Ein Satz ist seit Anfang Juli immer wieder zu hören in den USA: Der Oberste Gerichtshof sei außer Kontrolle. Es sind Anhänger der US-Demokraten, die warnen, die Demokratie in den Vereinigten Staaten sei in Gefahr.
Im Interview mit dem Radiosender NPR spricht Jura-Professorin Melissa Murray von einer der extremsten Sitzungsperioden in der Geschichte des Gerichtes: "Die Konservativen haben eine ausreichend große Mehrheit und sie scheinen bereit, Dinge zu überdenken, die wir bereits für geklärt hielten."
Das Erbe Trumps
Die Kritiker reagieren damit auf die jüngsten Urteile des Gerichts. Ob Abtreibung, Waffenrecht oder Auflagen für Umweltschutz - die rechts-konservativen Richter am Supreme Court setzten sich mit ihrer Mehrheit durch. Sie bescherten dabei den US-Republikanern Erfolg in strittigen Themen. US-Präsident Joe Biden sprach von einem unverschämten Verhalten.

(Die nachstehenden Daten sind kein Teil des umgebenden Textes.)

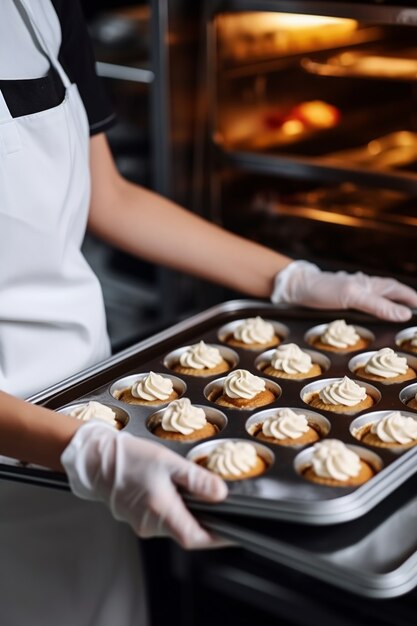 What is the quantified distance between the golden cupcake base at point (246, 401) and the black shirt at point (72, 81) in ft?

Die Richter hoben in einem Fall sogar eine frühere Grundsatzentscheidung auf: So hatte das Gericht 50 Jahre lang garantiert, dass Frauen in den USA der legale Weg zu einer Abtreibung offen steht. Jetzt regeln Gesetze der Bundesstaaten wieder, ob Schwangerschaftsabbrüche erlaubt sind oder nahezu vollständig verboten werden.
Die Mehrheit denkt anders
In Umfragen erklärte eine Mehrheit der befragten Amerikaner, sie halten die Entscheidung des Gerichts zur Abtreibung für falsch. Ähnlich umstritten sind in der Öffentlichkeit die Urteile zu Waffenrecht und Umweltschutz. Dementsprechend emotional wird die Debatte geführt.
Das ist der Grund, warum ein neuer Fall schon jetzt für Schlagzeilen sorgt, der frühestens im Herbst zur Anhörung kommt. Allein, dass die konservativen Richter am Obersten Gerichtshof die Kläger anhören wollen gilt einigen Juristen und Kommentatoren in den USA schon als Beleg dafür, wohin die Reise geht.
Im Kern geht es um die Frage, ob Abgeordnete der Bundesstaaten allein über das Wahlrecht entscheiden dürfen, ohne die Möglichkeit des Einspruchs von Gerichten oder Gouverneuren. Oder, wie es Murray formuliert: "Haben Gerichte in Bundesstaaten das Recht, Grenzen zu setzen bei Gesetzen, die Wähler abschrecken, ihre Stimme abzugeben, wie zum Beispiel der Zuschnitt von Wahlkreisen nach Wählerregistrierung."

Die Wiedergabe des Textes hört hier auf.